◆ What you have to do: Look below for the line with "Property Slideshow image"; begin the copy there and stop after the line with "1st image of 12726 Cod Dr", keeping the text exact and the pictures out.

◆ Provided data:
----------------

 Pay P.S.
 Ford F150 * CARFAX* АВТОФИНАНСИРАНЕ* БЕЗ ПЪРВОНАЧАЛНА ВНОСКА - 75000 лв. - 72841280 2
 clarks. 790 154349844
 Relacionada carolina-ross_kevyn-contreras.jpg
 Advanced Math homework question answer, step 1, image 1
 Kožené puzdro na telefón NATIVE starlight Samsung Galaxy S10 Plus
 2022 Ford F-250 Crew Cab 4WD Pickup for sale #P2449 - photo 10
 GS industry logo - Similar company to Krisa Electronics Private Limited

----------------

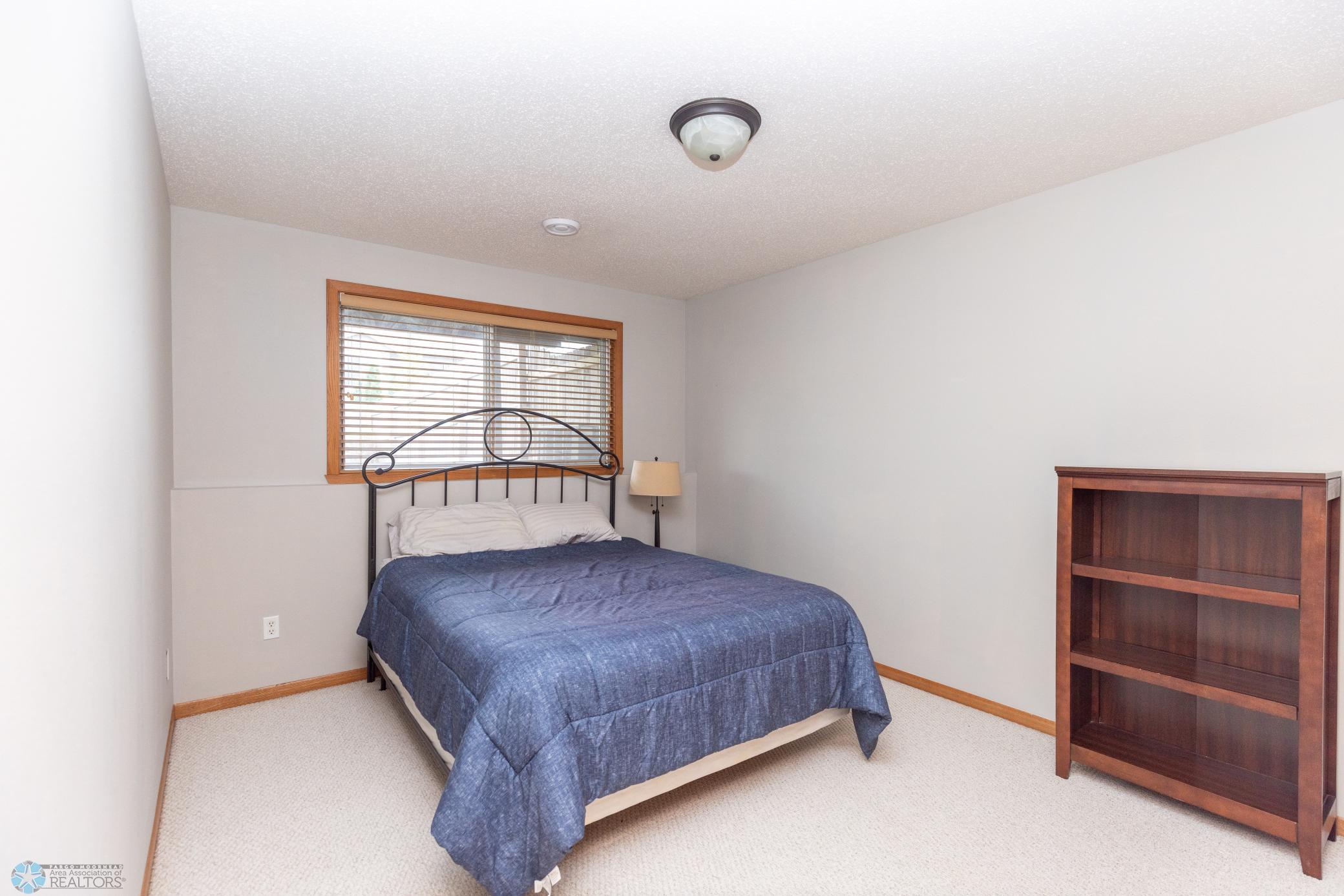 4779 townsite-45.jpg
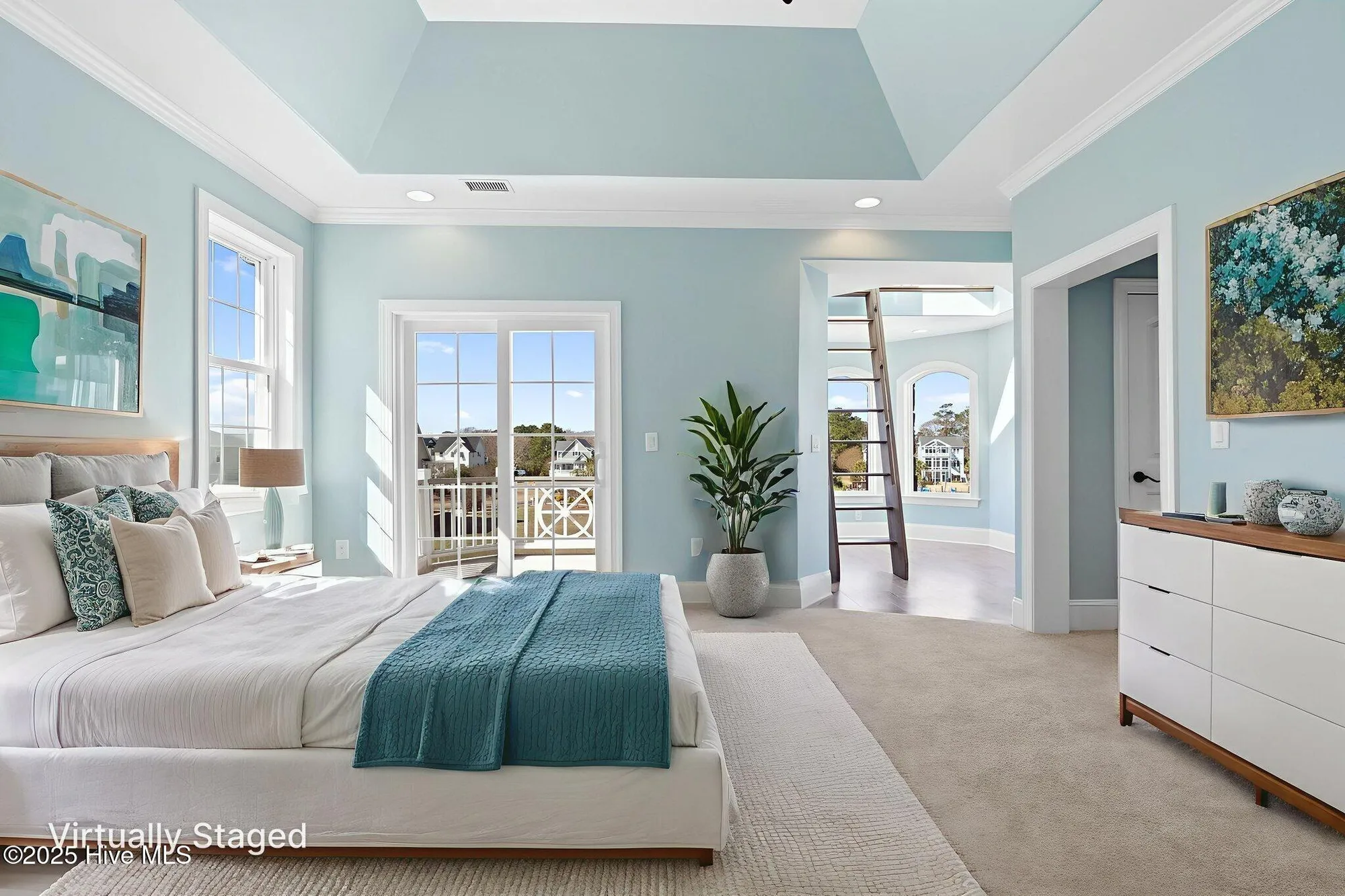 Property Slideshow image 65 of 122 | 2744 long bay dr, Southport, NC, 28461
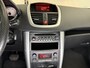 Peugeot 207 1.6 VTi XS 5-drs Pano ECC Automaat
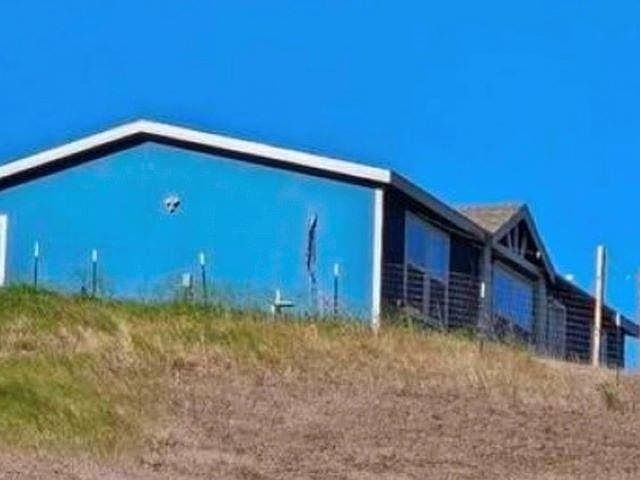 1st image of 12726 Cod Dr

----------------

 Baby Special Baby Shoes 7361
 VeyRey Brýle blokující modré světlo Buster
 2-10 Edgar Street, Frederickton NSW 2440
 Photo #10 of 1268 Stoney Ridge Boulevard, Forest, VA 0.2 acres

----------------

◆ Result below:
 Property Slideshow image 65 of 122 | 2744 long bay dr, Southport, NC, 28461
 Peugeot 207 1.6 VTi XS 5-drs Pano ECC Automaat
 1st image of 12726 Cod Dr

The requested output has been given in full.